The Robo Wealth Manager is Coming

The next generation? | Comstock Images/Stockbyte/Thinkstock

Financial advisors should fear not just the current iteration of robo advisors, but also what they could become, writes Russ Alan Prince for Forbes. He said that while robo advisors will surely expand their investment offerings to include alternatives like private equity funds, hedge fund and direct corporate investments, it's a shift to a more wealth-management model than an investment model that should keep advisors up at night. He writes that since much of wealth management is routine, artificial intelligence should be able to handle it. "By systematizing and being able to deliver a broad array of financial services and products, robo-wealth manager will be able to offer integrated solutions. Therefore, clients will benefit from the synergistic results of well-done wealth management," he wrote. And, if that's the case, look for fees to drop and lower revenue for advisors with many of them leaving the industry.

Big Bird Jumping in on Big Deals

Can you tell me how to get to Sesame Street? | Copyright Mike Lawrie, Getty Images

The venture capitalist crowd has always included some crazy characters, but nothing can beat the newest shop on the block. Sesame Workshop, the non-profit behind the children’s television show that recently moved to HBO, announced Monday it would collaborate with venture capitalist Craig Shapiro’s Collaborative Fund to launch the Collab+Sesame Fund. The new $10 million fund aims to lend its support for startups focused on using technology to improve children’s health, educational opportunities, and overall development. The Collab+Sesame Fund plans to invest up to $1 million in each startup, as well as support portfolio companies in future financing.

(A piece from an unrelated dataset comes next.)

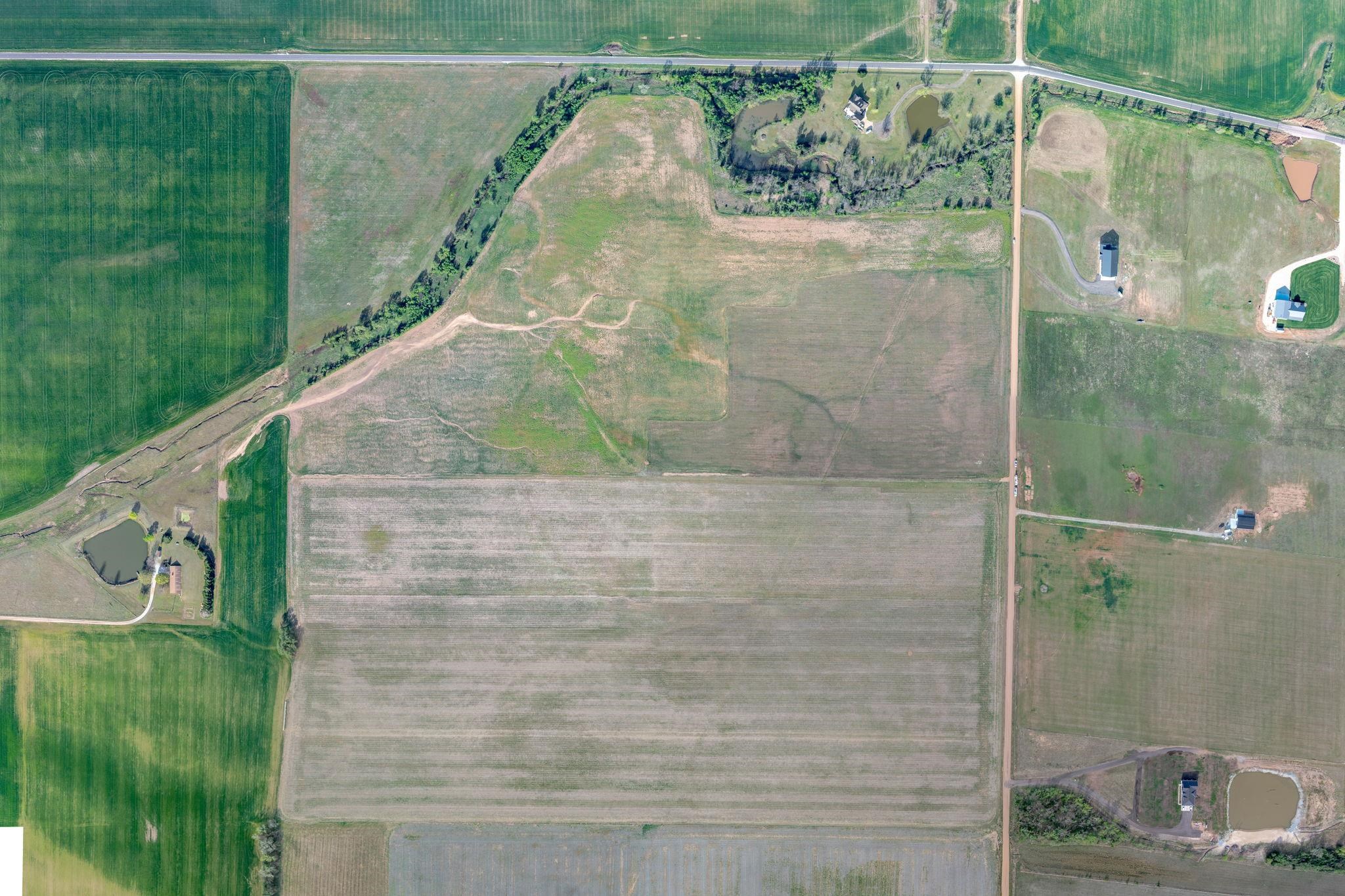 00000 SE 160th Ave Lot #18 Silver Creek Crossing, Cheney, KS 67025
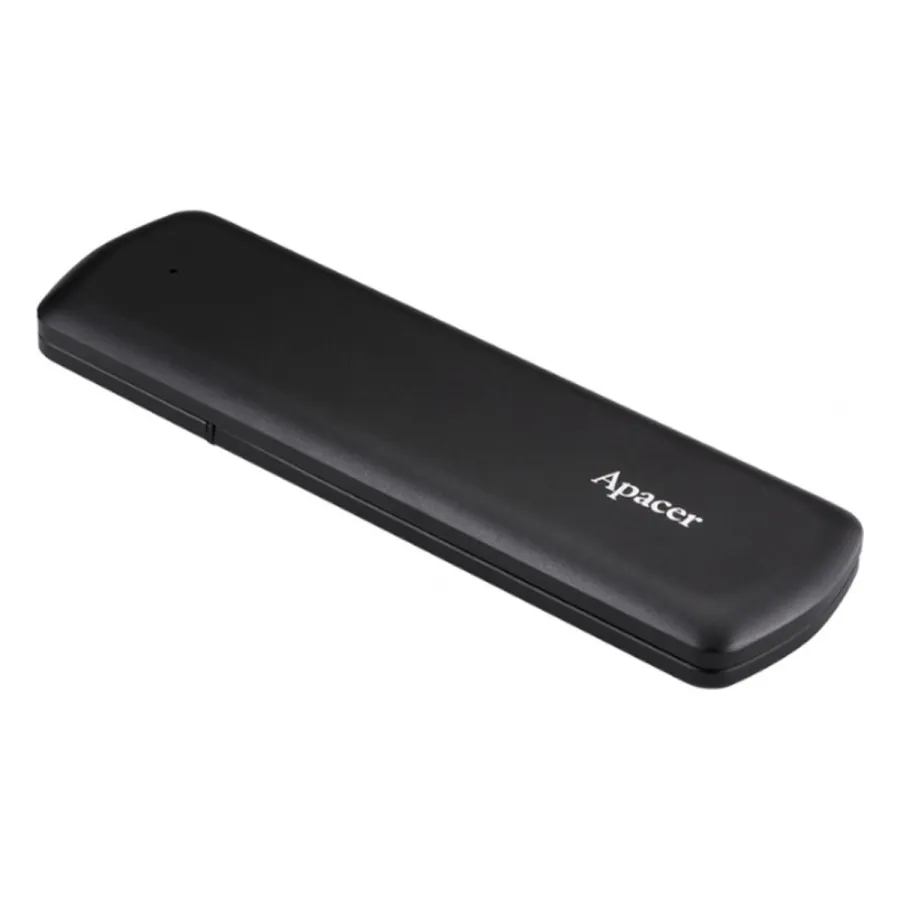 Внешний SSD диск Apacer 1TB AS721 Черный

Growth Of Non-Traditional Emerging-Market Strategies

There's room for growth. | Copyright Spencer Platt, Getty Images

Morningstar says there are now more than 300 funds in its diversified emerging-markets category. While traditional emerging-market strategies focus on large-cap stocks and favor the bigger emerging markets, Morningstar said nearly a quarter of these funds don’t fall into this classification. In a new research paper, Morningstar presented four new categories of non-traditional emerging-market strategies: geographically flexible offerings, small-/mid-cap funds, multi-asset offerings and frontier-markets funds. Morningstar added that while some of the newer funds deserve attention from investors, the traditional strategies make the most sense for the majority of investors.

New Dean for American College of Financial Services

Meet the new dean.

The American College of Financial Services has named Dr. Michael Finke as its new dean and chief academic officer. Finke, a professor and director of Retirement Planning and Living in the Department of Personal Financial Planning at Texas Tech University, will begin his new roles this summer. He received a doctorate in consumer economics from The Ohio State University in 1998 and in finance from the University of Missouri in 2011. He also served as the director of graduate studies at the University of Missouri. He's known as a prolific author in financial planning journals and won a 2014 Montgomery Warschauer Award for his Journal of Financial Planning article with Dr. Wade Pfau questioning the 4 % rule. "What Dr. Finke offers – a commitment to world-class research and innovative ideas that solve practical problems in the financial planning profession – will be transformative for The American College," said College President and CEO Dr. Robert Johnson. "Whether he's working with companies to explore the best way to use financial products, speaking with professionals about developing better ways to provide value to clients, or coming up with new and better ways to explain concepts to students, Dr. Finke's primary goal has been to operate at the intersection of practice and academia, helping make financial planning a true profession."